The thing I like about my carrier is there is a heart shaped "frame" with her picture built into the bag, so I don't have to really take her out to show them "here she is." I worry that someone will bust me if I let her out inside.

My mom owns a coffee house, so basically I break "the no dogs because of dept. of health" law every day!  I just make sure that she is either in her carrier, or on my lap. It would be annoying if I wasn't a dog person and she was running around. Also, she is not a barker. A few people, my mom included, have "sneaked" in their dogs who bark when new customers come into the shop.

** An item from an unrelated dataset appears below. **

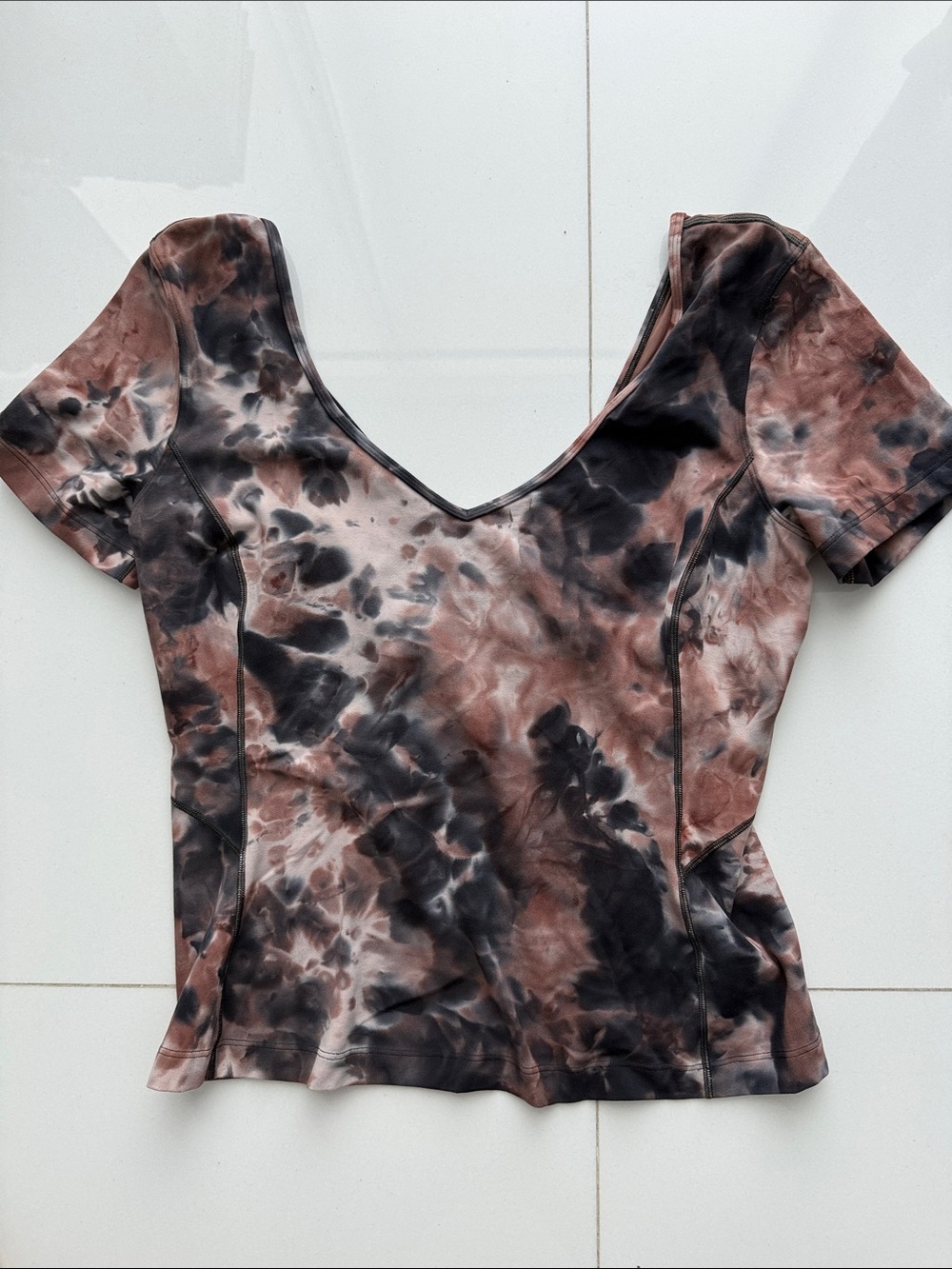 lululemon athletica Short Sleeve V-Neck Tie-Dye Top in Brown and Black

This is NOT OKAY with me, and highly annoying.


----------



## Thumper (Feb 18, 2007)

Personally, I think dogs can act different when their routine has been out of sorts.

I know when I go out of town for a few days, I come back to some *strange* behavior, and peeing on the floor, etc. I'm not convinced she is upset, although, I do think she may be recovering from anxiety from when I was gone, probably more likely. But she'll make sure she is laying ON me somehow at night so she can feel me wake up and move. lol, and little things like that. Almost like she's afraid I'll leave again and afraid to get out of my sight or go outside, its odd.

My guess is anxiety over anger/depression, but who knows.

I think they do have a full range of emotions, but not grudgeful for little things, they love us too much.

Kara


----------